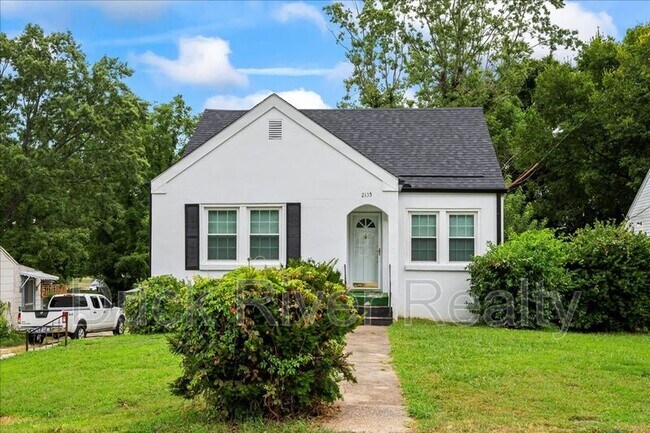 Building Photo - 2135 Thomas Ave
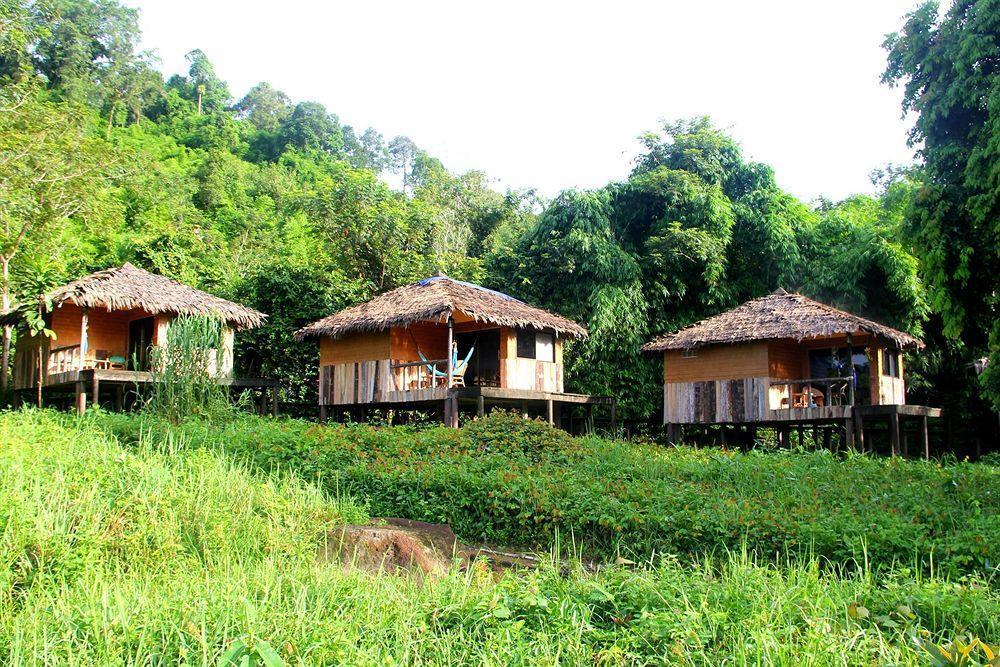 Rainbow Lodge Tatai Bagian luar foto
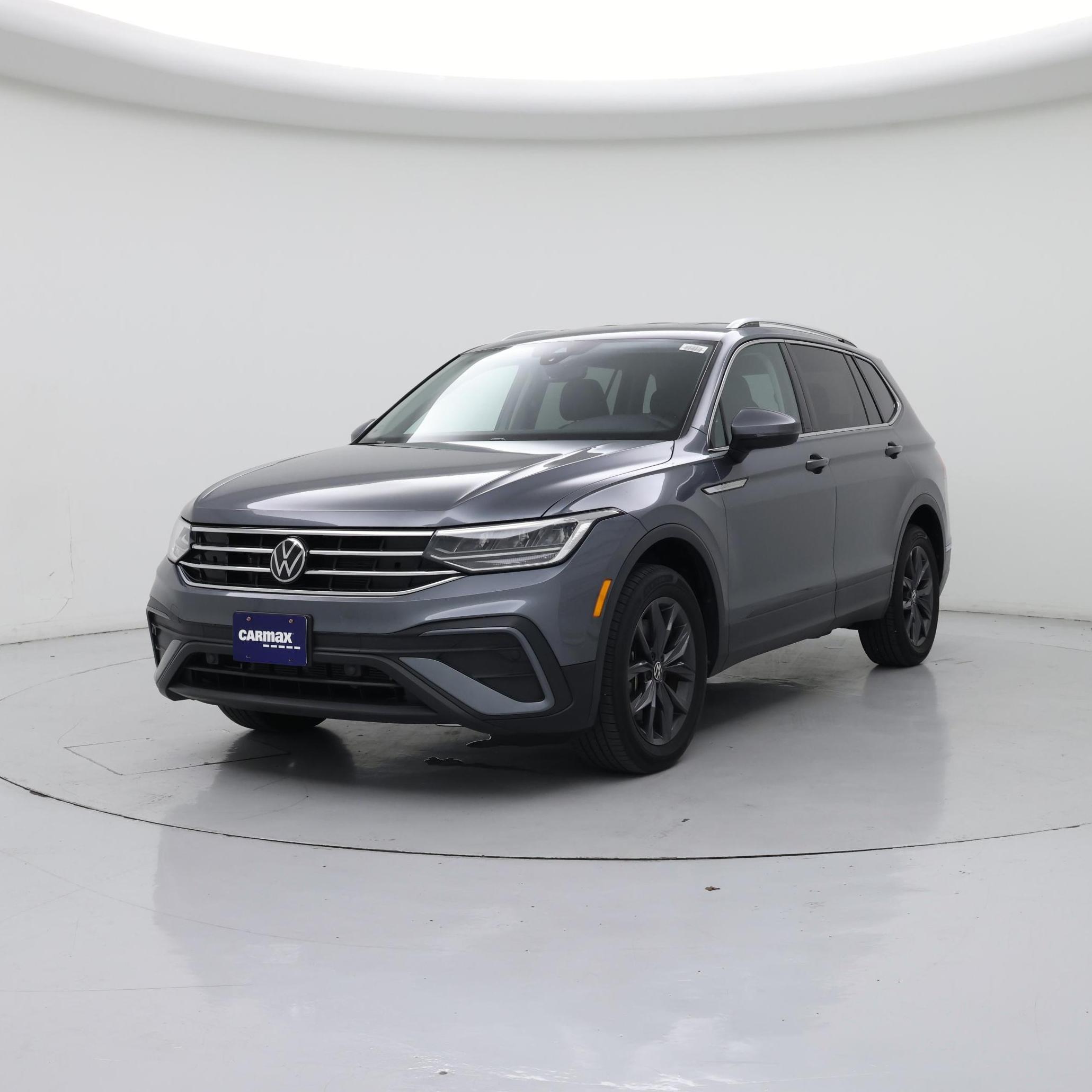 Thumbnail: 2023 Volkswagen Tiguan - 4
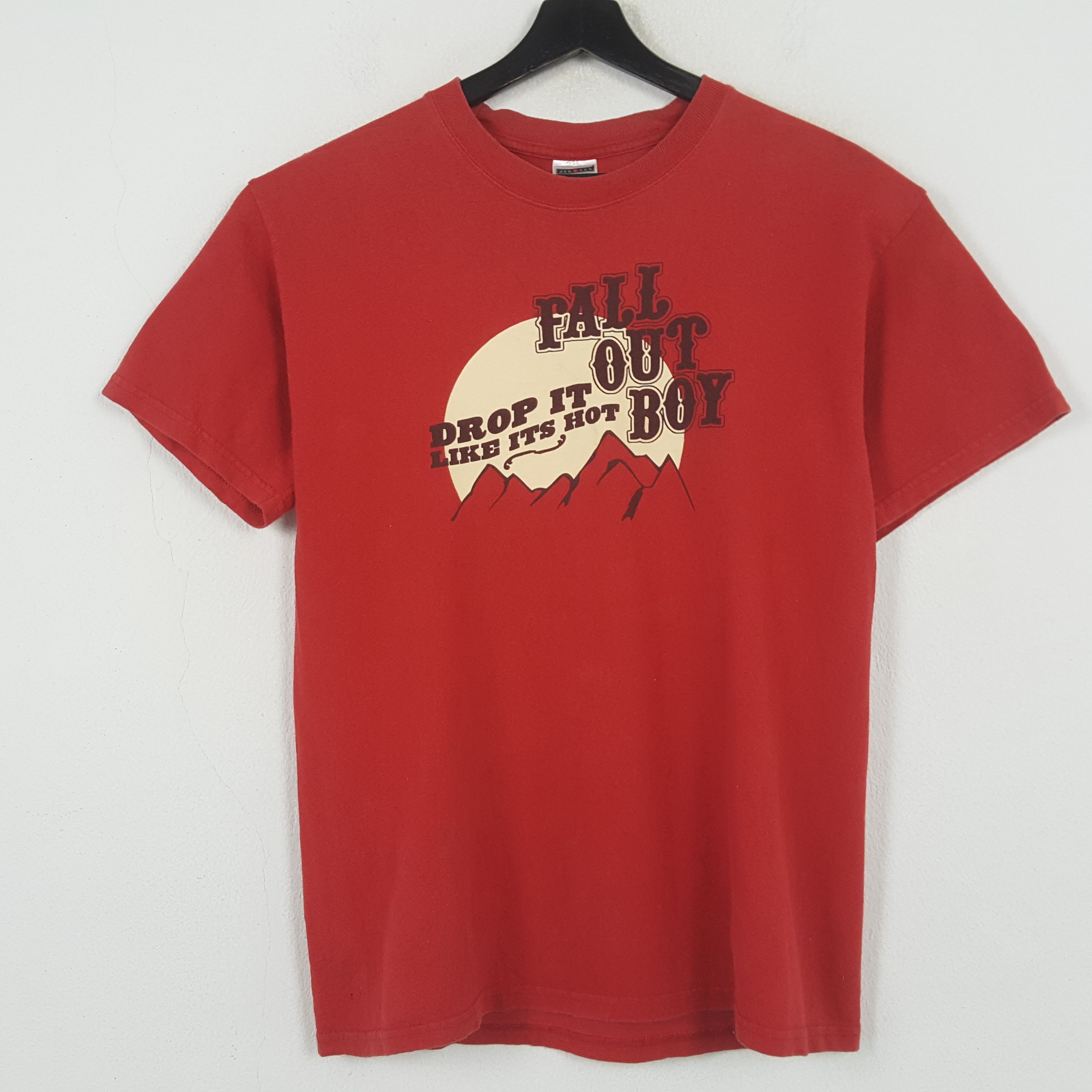 Band Tees FALL OUT BOY Rock Band Music Tshirt 31 Size US M / EU 48-50 / 2 - 1 Thumbnail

Task details
Each line of the data should be quoted exactly, with pictures left out.

Result of this exercise
 Building Photo - 2135 Thomas Ave
 Rainbow Lodge Tatai Bagian luar foto
 Thumbnail: 2023 Volkswagen Tiguan - 4
 Band Tees FALL OUT BOY Rock Band Music Tshirt 31 Size US M / EU 48-50 / 2 - 1 Thumbnail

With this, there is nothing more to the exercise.